GTC Biotherapeutics, Inc. announced that it is restructuring its organization to support its focus on clinical development and commercialization of its internal pipeline of proprietary products and its portfolio of external programs. GTC's internal pipeline of products includes ATryn, recombinant human serum albumin, and the MSP-1 malaria vaccine.
Under the restructuring plan, GTC is reducing its headcount approximately 20 per cent from 159 to 127 full time equivalent employees. With the restructuring, GTC plans to use approximately $20 million of cash in 2004 as it participates in the regulatory review of ATryn and further develops its other commercial programs. A restructuring charge of approximately $950,000 will be recorded in the first quarter of 2004.
"The restructuring that we are announcing today is designed to support our strategic position as a commercial products company and to support the regulatory review process for ATryn," stated Geoffrey Cox, GTC's chairman of the Board and chief executive officer. "In addition to conserving cash during the regulatory review process for ATryn, this restructuring provides us with the flexibility to consider the strategic option of adding a small sales force in Europe for commercialization in the hereditary antithrombin deficiency indication."
GTC recently submitted a Market Authorization Application (MAA) to the European Medicines Evaluation Agency (EMEA) for ATryn, its recombinant human antithrombin product. Acceptance and review of the submission is pending.

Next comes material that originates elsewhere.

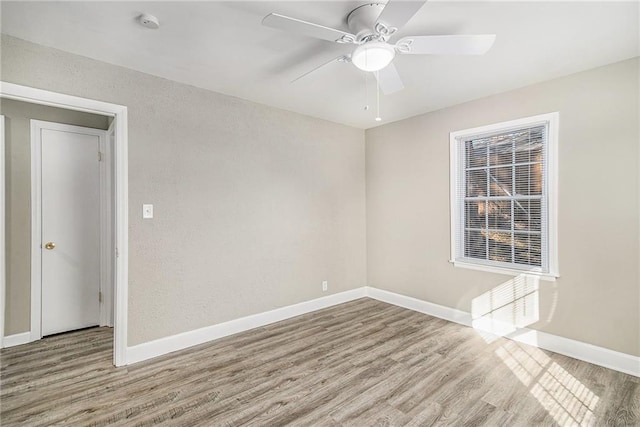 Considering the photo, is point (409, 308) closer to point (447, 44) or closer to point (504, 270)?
point (504, 270)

GTC has entered into about a dozen programmes in its external portfolio for development of transgenic production of a partner's therapeutic protein. Ten of these programmes have already successfully reached founder status where the first animals capable of supporting expansion to clinical production have been generated. Four of the ten programmes with founders are considered successfully completed with no additional development work anticipated. The MM-093 programme with Merrimack Pharmaceuticals, Inc. has completed phase I clinical studies using material produced and purified by GTC. Additional clinical studies in this programme are anticipated in 2004. In addition, the undisclosed programme with Centocor has begun expansion to provide a supply of product for preclinical evaluation.